TASK TO COMPLETE: Copy every line of the data that includes the string "Black".

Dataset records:
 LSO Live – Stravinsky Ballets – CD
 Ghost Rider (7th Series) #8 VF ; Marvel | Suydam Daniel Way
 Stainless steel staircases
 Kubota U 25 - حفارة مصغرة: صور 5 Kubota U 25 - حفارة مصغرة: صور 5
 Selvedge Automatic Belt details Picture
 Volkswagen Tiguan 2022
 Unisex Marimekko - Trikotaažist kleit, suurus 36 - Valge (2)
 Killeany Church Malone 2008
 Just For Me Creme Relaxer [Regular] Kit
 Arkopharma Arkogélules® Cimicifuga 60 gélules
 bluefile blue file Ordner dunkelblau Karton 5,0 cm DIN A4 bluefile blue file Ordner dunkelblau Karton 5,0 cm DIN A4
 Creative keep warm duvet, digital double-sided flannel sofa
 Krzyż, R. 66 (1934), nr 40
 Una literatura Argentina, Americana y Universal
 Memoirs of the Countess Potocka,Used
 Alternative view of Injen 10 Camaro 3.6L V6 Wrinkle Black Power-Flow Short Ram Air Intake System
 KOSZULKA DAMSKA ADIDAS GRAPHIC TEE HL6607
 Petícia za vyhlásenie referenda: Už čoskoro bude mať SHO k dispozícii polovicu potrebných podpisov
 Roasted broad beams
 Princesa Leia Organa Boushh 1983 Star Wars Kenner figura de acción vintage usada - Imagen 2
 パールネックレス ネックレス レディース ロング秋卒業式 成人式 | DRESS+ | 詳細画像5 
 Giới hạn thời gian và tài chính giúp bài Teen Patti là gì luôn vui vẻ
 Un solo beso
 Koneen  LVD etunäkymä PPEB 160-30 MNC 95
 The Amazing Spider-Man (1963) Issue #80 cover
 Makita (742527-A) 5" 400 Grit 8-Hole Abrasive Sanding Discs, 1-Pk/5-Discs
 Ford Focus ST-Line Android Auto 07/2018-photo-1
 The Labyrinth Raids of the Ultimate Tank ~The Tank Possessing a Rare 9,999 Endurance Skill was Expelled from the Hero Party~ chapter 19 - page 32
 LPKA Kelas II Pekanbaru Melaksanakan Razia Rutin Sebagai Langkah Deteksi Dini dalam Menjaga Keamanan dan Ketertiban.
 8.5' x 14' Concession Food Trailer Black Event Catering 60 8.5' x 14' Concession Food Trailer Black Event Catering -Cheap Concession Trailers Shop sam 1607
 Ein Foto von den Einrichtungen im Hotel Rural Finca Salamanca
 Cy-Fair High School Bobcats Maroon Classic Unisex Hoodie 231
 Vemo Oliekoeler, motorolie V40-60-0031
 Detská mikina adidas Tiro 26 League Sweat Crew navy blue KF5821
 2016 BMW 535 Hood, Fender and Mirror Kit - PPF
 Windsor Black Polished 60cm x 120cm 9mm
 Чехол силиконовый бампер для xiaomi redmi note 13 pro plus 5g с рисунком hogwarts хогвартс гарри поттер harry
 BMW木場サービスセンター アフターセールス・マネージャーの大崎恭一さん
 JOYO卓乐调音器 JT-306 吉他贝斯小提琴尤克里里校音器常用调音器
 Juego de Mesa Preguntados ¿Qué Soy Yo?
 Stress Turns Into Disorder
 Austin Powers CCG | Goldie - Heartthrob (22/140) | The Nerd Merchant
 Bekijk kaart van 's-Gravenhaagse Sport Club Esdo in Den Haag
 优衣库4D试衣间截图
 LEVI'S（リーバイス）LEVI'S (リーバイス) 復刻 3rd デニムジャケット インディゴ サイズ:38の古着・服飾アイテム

SOLUTION FOR THIS EXERCISE:
 Alternative view of Injen 10 Camaro 3.6L V6 Wrinkle Black Power-Flow Short Ram Air Intake System
 8.5' x 14' Concession Food Trailer Black Event Catering 60 8.5' x 14' Concession Food Trailer Black Event Catering -Cheap Concession Trailers Shop sam 1607
 Windsor Black Polished 60cm x 120cm 9mm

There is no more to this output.